Yesterday’s Federal Court decision recognising the native title rights and interests of the Githabul People of northern NSW is one of the most significant native title determinations in the state for 10 years, according to Aboriginal and Torres Strait Islander Social Justice Commissioner Tom Calma.
The decision, which recognises native title rights for the Githabul to an area including nine national parks and 13 state forests, resolves the claim which was first lodged in 1995.
“This is a truly outstanding outcome and testament to the cooperation and goodwill of not only the Githabul People themselves but also the NSW Government,” Mr Calma said.
Under the agreement, the Githabul’s non-exclusive native title rights have been recognised enabling access to the land for spiritual purposes, to camp, fish, hunt and gather animals and plants for personal use. The agreement also protects places of importance to the Githabul People.

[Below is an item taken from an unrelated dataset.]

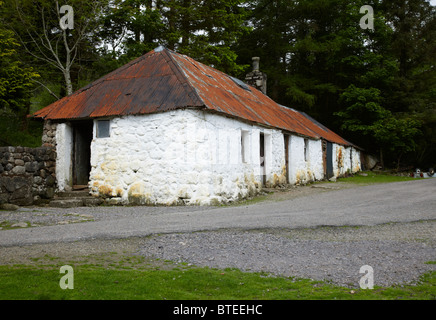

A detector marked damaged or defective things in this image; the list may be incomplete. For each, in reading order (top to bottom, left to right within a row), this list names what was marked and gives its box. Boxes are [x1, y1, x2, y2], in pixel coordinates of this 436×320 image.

rusty corrugated roof [33, 46, 354, 146]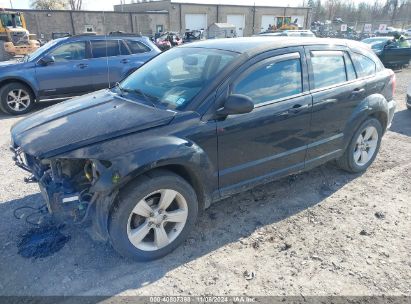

The consent determination follows the signing of an Indigenous Land Use Agreement (ILUA) earlier this year which outlined use and management of the land by the Githabul People, the northern NSW community and the NSW Government.
Mr Calma congratulated all parties for their constructive and cooperative approach which made reaching the agreement possible and again highlighted how ILUAs helped pave the way for a successful native title outcome.
“This is a historic moment for the Githabul People and the entire reconciliation and Indigenous land reform process,” Commissioner Calma said.
“This consent determination proves yet again that traditional owners want to work with government and other bodies in true partnerships.”